As many of you know, my life has been extremely busy over the last few months. We had my sisters wedding and all the events that led up to it, our home was on the market and most importantly, my new marriage with three kiddos was underway!
Well I’m happy and relieved to say, the dust is finally settling! My sisters wedding and events went off without a hitch and her and her new husband are off on their honeymoon! As far as the house, if you read my post back in February, we left it in God’s hands. We gave it a specific date to sell by. And if it didn’t sell by then, then it was God’s plan for us to keep it and make it “ours.” So I’m excited to say our remodel will begin in October! I can’t wait to make new changes to our home together as a family. The kids will all move into bigger bedrooms, our bottom floor will be completed and become our family hangout and our kitchen will be done in true “Fixer Upper” Joanna Gaines style! We all feel very good about the decision to stay and look forward to the changes.
We’ve also become a family. I feel it in every fiber of my being. I wouldn’t be complete without them. And I pray day and night they feel the same. They’ve each in their own special way made me complete in the earthly sense. They’ve made home feel like “home.” Ava, the 14 year old, with the special nights she sits at the end of our bed when all the other kids are sleeping and talks to us about life and struggles and her heart. I see the same girl at the end of the bed that I once was at her age. Stella, the 11 year old, with her constant desire for our full attention. Asking us to watch her gymnastics and then makes us laugh a minute later with some witty joke. There I also see myself, innocent, untouched by the world, only asking for love from the ones that she loves most. Then there is Jameson, the 4 year old. His heart is wide open to receive all the love I can give. He has no concept of stepmom. Just a woman who loves him with all she’s got and is there to kiss his boo boo’s when he hurts himself, or tickles his back til he falls asleep. I’m not sure he knows I wasn’t always there and in some ways, I feel like he’s always been with me too. God put him there in the deepest part of my heart long before either of us knew much about life. He was an ache I yearned to have filled. He was a love I desired to give. And now I’ve got it here in front of me. He’s my laughter on a bad day and my reminder that “this too shall pass.” And then I’ve got my marriage. My Neil. He’s the man I never knew existed and my greatest lesson. He’s my mirror. I learn more about myself everyday by seeing myself through his eyes. I see beauty, I see pain, and I see a work in progress. He shows me who I am. The good I never knew I had and the bad that I always tried to escape. He makes me better. I’ve also begun to figure out “our dance.” He wants to be heard without defense when I was always used to having to defend. I’m learning to put my defenses down and let him be heard. I’ve learned that if he’s dissatisfied with something I said or did, I can accept it instead of fight for my need to be right. I don’t need to prove myself to him like I needed to in the past. He married me, he doesn’t need proof that I’m worth loving. And that’s a mighty fine place to be.

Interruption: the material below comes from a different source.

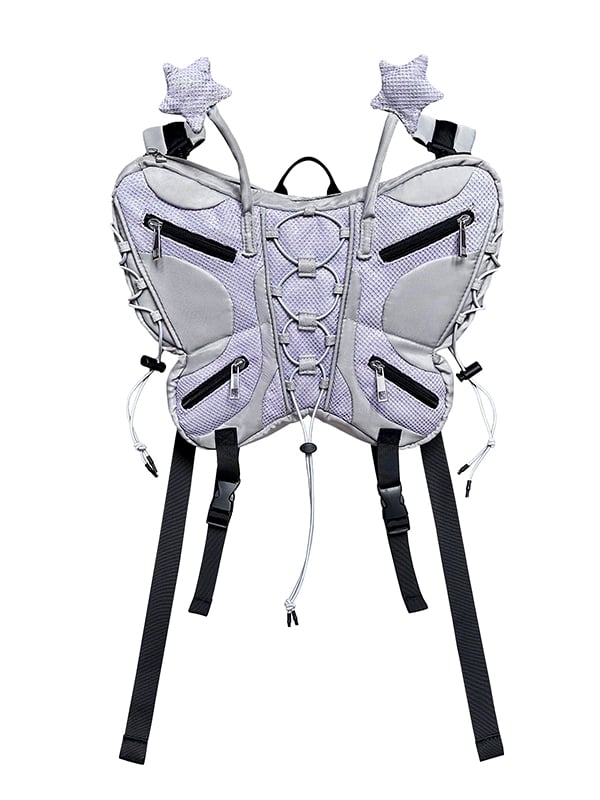 Gray/Pink Small Size Butterfly Backpack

So that’s my life update as we stand today.
But I do owe you an apology. I wanted with my whole heart to put out a free devotion by now and I have not been able to. I am sorry that I promised something and wasn’t able to deliver. It seems figuring out how to publish something and make it a downloadable feature on my site has me stumped. That, along with the short blips of time I have to devote to figuring it out, has pushed back the progress. The devotions are all written and ready to be read. But it looks like it will take me more time to get it up and running on the site. I’m asking for your patience. I promise I’m working on it. And I thank you in advance for understanding.
And lastly, I find that sometimes I go somewhere and someone tells me they read my blog and I’m shocked. “But you’ve never commented, liked or subscribed! I had no idea!” It’s so important for me to know who my readers are. If I know who you are then I know your needs, what you need prayer for, what you like etc. It makes the experience better for you and helps me keep you in mind when I’m putting anything out there. So please please please, let me know you are reading! It’s so important to me.
Now let’s pray!
Thank you for bringing us together. Thank you for taking this blog and using it to create relationships and a community of women who want to know you more and love you more. Who want to be better women for your purpose. Who want to be better daughters, wives, and mothers! We are so grateful for what you do everyday to prepare us for the next day. We need you today and everyday. We love you so much. Let us be a light in a dark world. Amen.